Meeting Abstract
113.4 Tuesday, Jan. 7 11:15 Molecular mechanisms of metabolic flexibility induced by synthetic, environmental cues in the Dark-eyed Junco (Junco hyemalis) STAGER, M*; SWANSON, D.L.; CHEVIRON, Z.A.; Univ. of Illinois at Urbana-Champaign; Univ. of South Dakota; Univ. of Illinois at Urbana-Champaign stager2@illinois.edu
Phenotypic plasticity is considered a driving force in evolution; environmental variation can induce transcriptional responses that enable an organism to adapt by flexibly altering its phenotype. Although vertebrate biology is replete with examples of profound phenotypic plasticity, very little is known about the mechanisms responsible for these changes in wild animals. In order to gain insight into the fundamental mechanisms of metabolic flexibility, we evaluated the effects of two environmental cues (photoperiod and temperature) on seasonal variation in metabolic performance and correlated differences in underlying gene expression profiles in Dark-eyed Juncos (Junco hyemalis). We exposed overwintering juncos (n = 40) to a 6-week acclimation trial with (a) short or long day lengths and (b) cold (3°C) or warm (24°C) temperatures. We quantified thermogenic capacity (cold-induced summit metabolic rate) and collected pectoralis tissue for RNA-sequencing and quantifying enzyme activity.
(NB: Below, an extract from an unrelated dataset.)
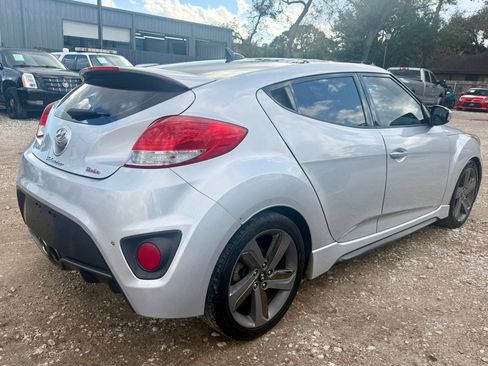 Used 2013 Hyundai Veloster Turbo w/ Ultimate Pkg image 5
We tested for differential gene expression (n = 1894 genes among treatments) and then identified modules of highly co-regulated genes associated with thermogenic capacity (n = 19 genes). These modules were enriched for terms associated with fatty acid metabolism and muscle contraction. We also tested the connection between transcriptomic and proteomic responses (using activities of key metabolic enzymes and associated transcript abundances) and found them to be correlated, suggesting that transcriptomic responses do indeed result in phenotypic effects; however, gene expression did not predict the abundance of gene products at a 1:1 ratio. These findings show that increased metabolic performance is due to simultaneous changes in genetically independent, but interacting hierarchical pathways.